Do you even meet these chicks?

No. Because 'chicks' who dig taller guys usually won't look twice at a 'short' profile, even if you send them a really decent message. Once again, Match experience proves that.
----------------------
Ladies have all kinds of 'Deal Breakers' that they use to keep the unwanted people out - smoking, tattoos, drinking, motorcycles, kids, dead animals, whatever - but height is a big one, and it is not something guys can change or really do ANYthing about - except lie - and at least for STEP ONE of online dating - starting a conversation - it's worth the risk because it DOES show immediate benefits.

Online dating is utterly worthless unless you can establish communication and meet someone, and this 'screening' of profiles is absolutely brutal for all kinds of reasons - both male and female. Ladies get angry when they've been deceived into meeting someone who wasn't quite what they expected - but that still means we get a chance to MEET. I refuse to 'prove' myself in a virtual environment because it means NOTHING. Meeting in Real Life is always going to be the best lie-breaker.

Ladies; if you want honesty, then stop limiting your searches to the top 1/3 of the class, and ignoring less-than-perfect guys that are genuine about their interests. If you still want to meet the 6'3" 'Chick' magnet with a brain of steel, that's totally up to you - but don't come here b1tching about all men being pigs when that is EXACTLY what you went looking for.

Now, there are at least two dozen female 'regulars' in these forums that get annoyed when I say that kind of crap, and will quote the hell out of me and switch my words around to make it sound like I am demanding all women to like me. I frankly don't care if they do or not, but I know for a fact they don't even READ MY PROFILE if my 'specs' are not up to 'par', and that really annoys the crap out of me.

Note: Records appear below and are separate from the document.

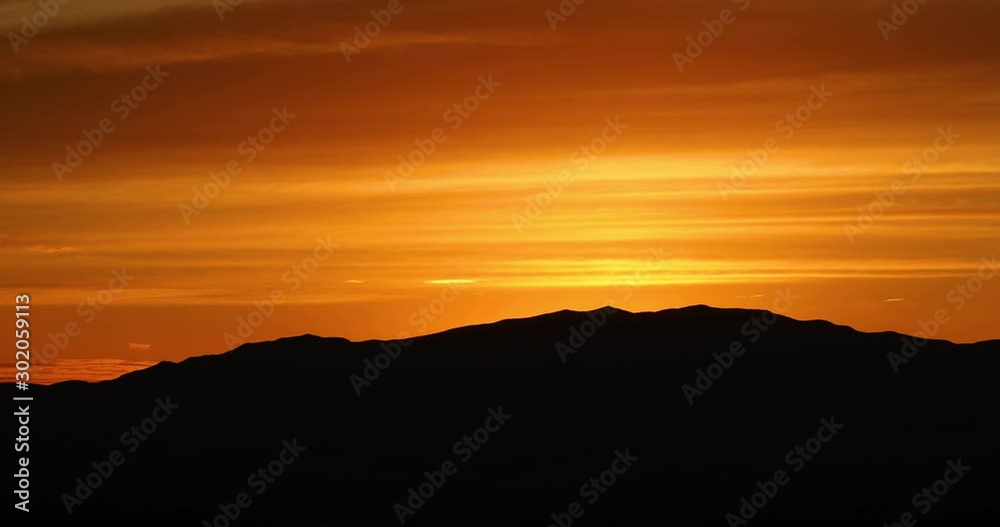 Brilliant orange sunset over desert mountain. Late evening orange golden sun sets over desert mountain peaks in southern Utah near St George. Outdoor nature, environment and beauty. Brilliant orange sunset over desert mountain. Late evening orange golden sun sets over desert mountain peaks in southern Utah near St George. Outdoor nature, environment and beauty.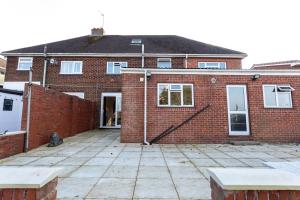 a brick house with a patio in front of it at Newly Refurbed Home With Football Table Near M5 Junction 2 in Oldbury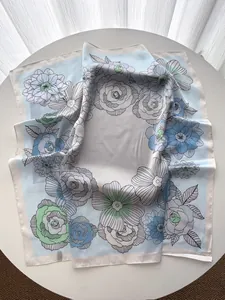 Détail d'un foulard en soie imprimé de fleurs, roses dessinées et bleu clair
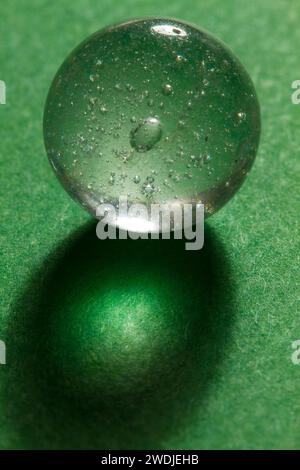 Un marbre de verre clair avec des bulles sur un fond vert. Banque D'Images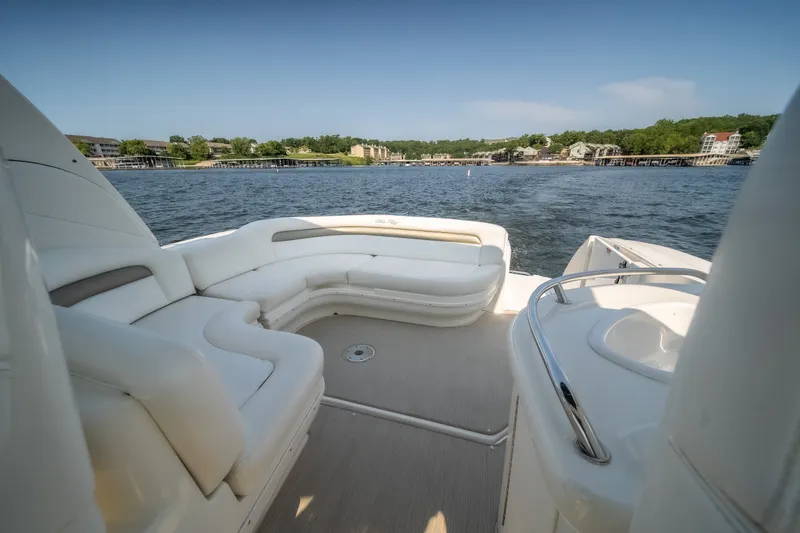 Slide: The Image of 2007 Sea Ray 340 Sundancer boat interior with white seating, overlooking serene waters. - 11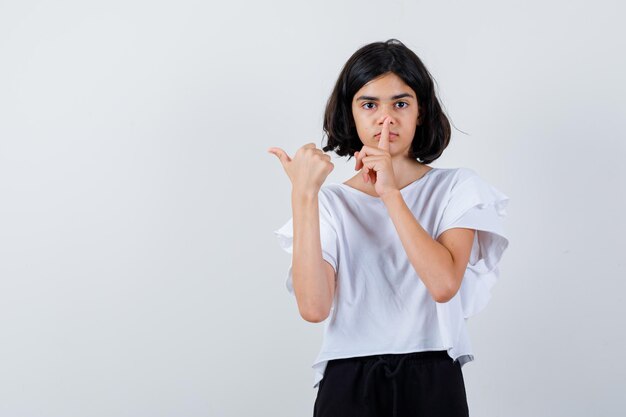 Expressive young girl posing in the studio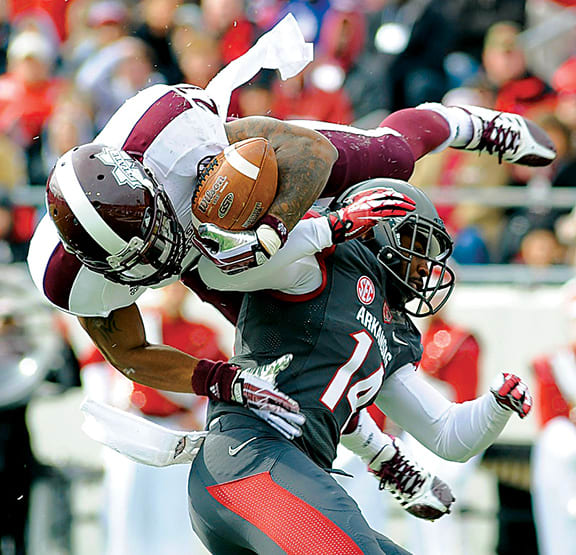 Mississippi State Bulldogs running back LaDarius Perkins (27) dives into the end zone against Arkansas Razorbacks safety Eric Bennett (14) during the second quarter at War Memorial Stadium.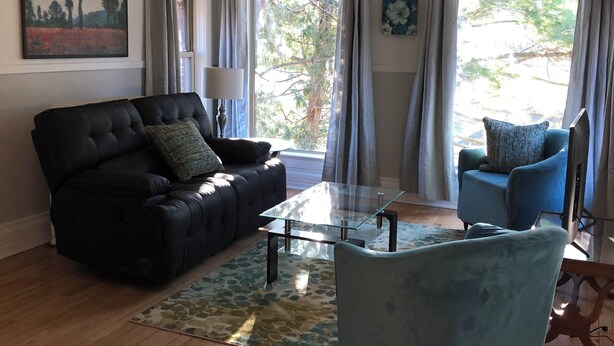 A living room with a black sofa, a blue armchair, a glass coffee table, and a wooden floor.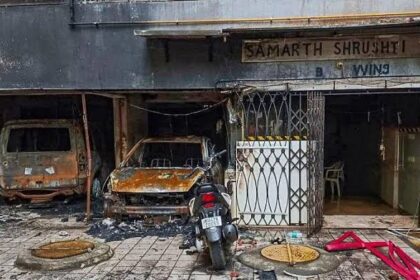 Charred vehicles after a fire broke out in a multi-storey residential building in Goregaon area Mumbai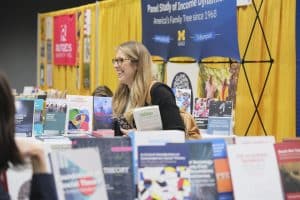 browsing-books-in-the-asa-annual-meeting-exhibit-hall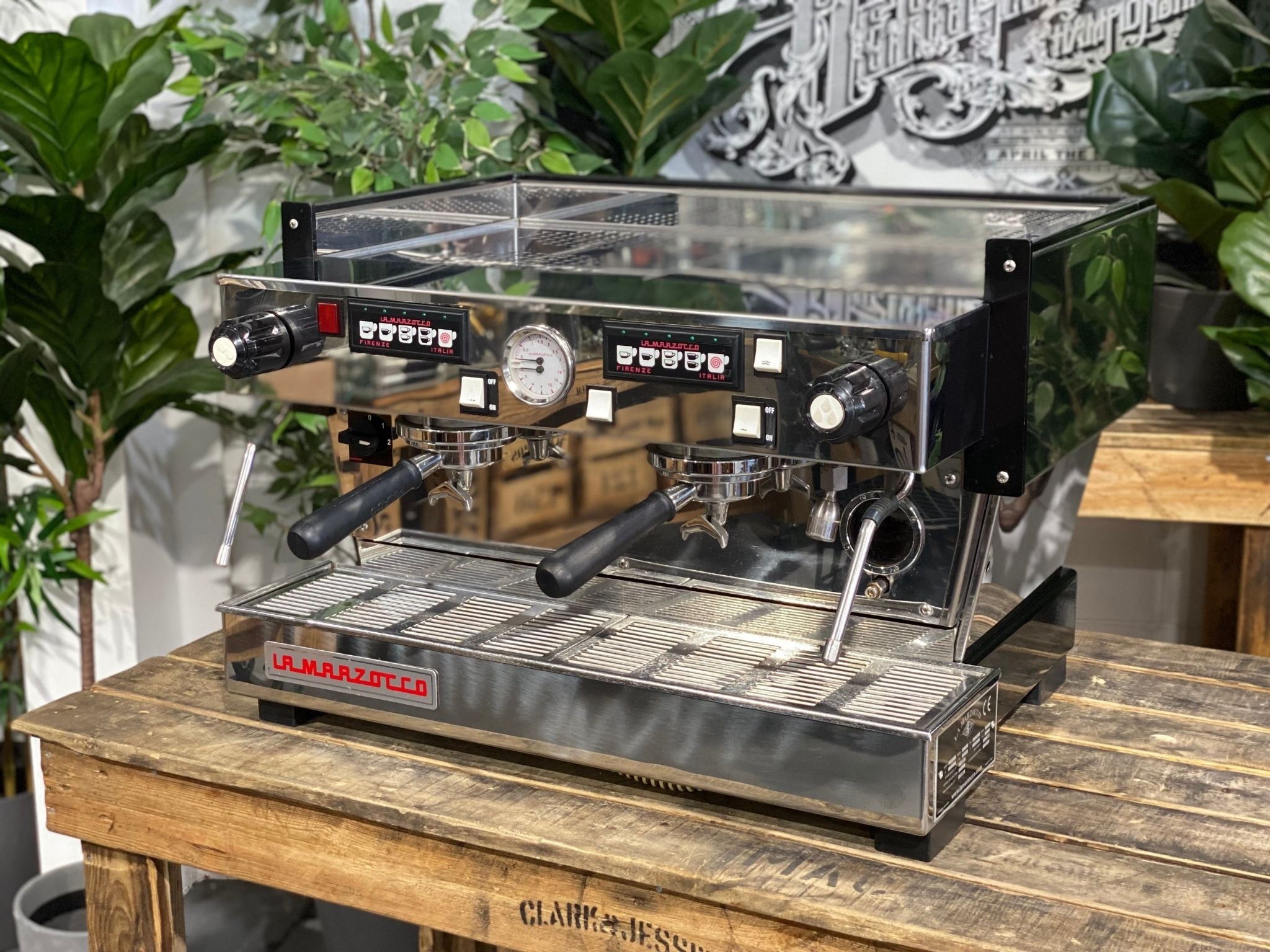 La Marzocco Linea Classic 2 Group Espresso Coffee Machine in Stainless steel is sitting on a wooden bench. There is greenery in the background. The image is taken from the front of the machine and the machine is sitting on an angle so that you can see the front of the machine and the side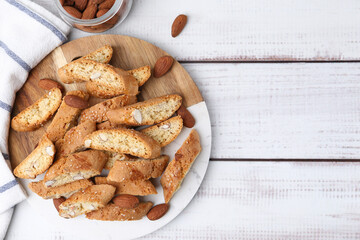 Tasty almond biscuits (Cantuccini) and nuts on light wooden table, flat lay. Space for text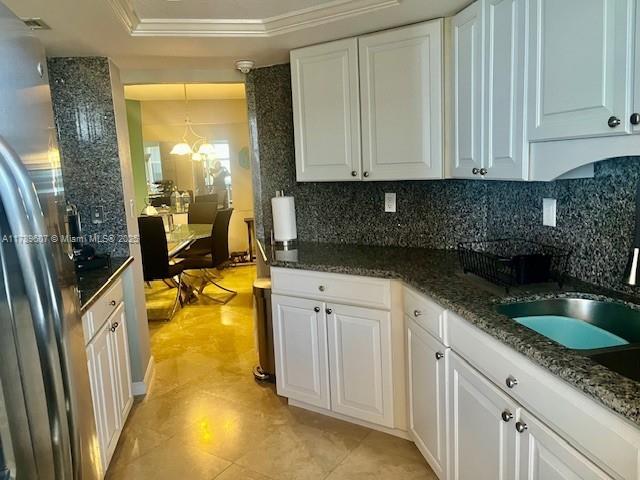 1340 South Ocean Boulevard, Unit 1003 Pompano Beach, FL 33062 - Photo 5 of 27 a kitchen with granite countertop a sink a stove and cabinets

It's not about demanding someone to fall in love - it's about even being considered for the job.
 Drawesome32
Joined: 6/26/2012
Msg: 106
What women really look at on your profile...
Posted: 10/22/2012 9:25:56 PM
danimal: good post man, spot on with a lot of it too. i dont think height is quite as big a factor as you make it out to be though. my friend, who does really well on pof, is only 5'9, and says as much on his profile. he still gets messages like crazy from many attractive women in our area, most of which are younger than he is. its all about your pics bro.

the women here say they want honesty, but they respond to lies. they say they want a decent guy that will treat them right, but they only go out with the guy with the most "chemistry" ive said it many times man, these women are UNDATEABLE. there are a few of em like this outside of pof, but this site is chock full of them. i advise everyone not just looking to get laid to stay away from online dating.
 Drawesome32
Joined: 6/26/2012
Msg: 108
What women really look at on your profile...
Posted: 10/22/2012 10:16:11 PM
mizeat: every single woman i have ever known to have a profile on here was at best misleading, but mostly lying. i dont know about anyone else here, but i dont believe any of them.

there ARE still some decent women on sites like this, just as there are still some decent men on here. they are just vastly outnumbered by the broken and undateable ones. problem is, by the time you actually run into someone worthwhile on here, youre already sick and tired of dealing with all the crap from the undateables.
 MotoGPatrick
Joined: 9/5/2011
Msg: 111
What women really look at on your profile...
Posted: 10/23/2012 12:57:39 AM
^^^
Kind of a harsh way to put it but lots of truth to that.

I don't bother with anything but the forums.. One of the better online dating forums.

 Monarchski
Joined: 2/9/2012
Msg: 112
view profile
History
What women really look at on your profile...
Posted: 10/23/2012 5:15:21 AM
This is really kind of a non-issue to me. Those women that are replying to a guy being a jerk on his profile because he has his shirt off are the types that don't read and then delete my messages and I never contact them again. Problem solved. You can write anything you want on your profile but if you don't actually mean what you say, you'll be found out eventually.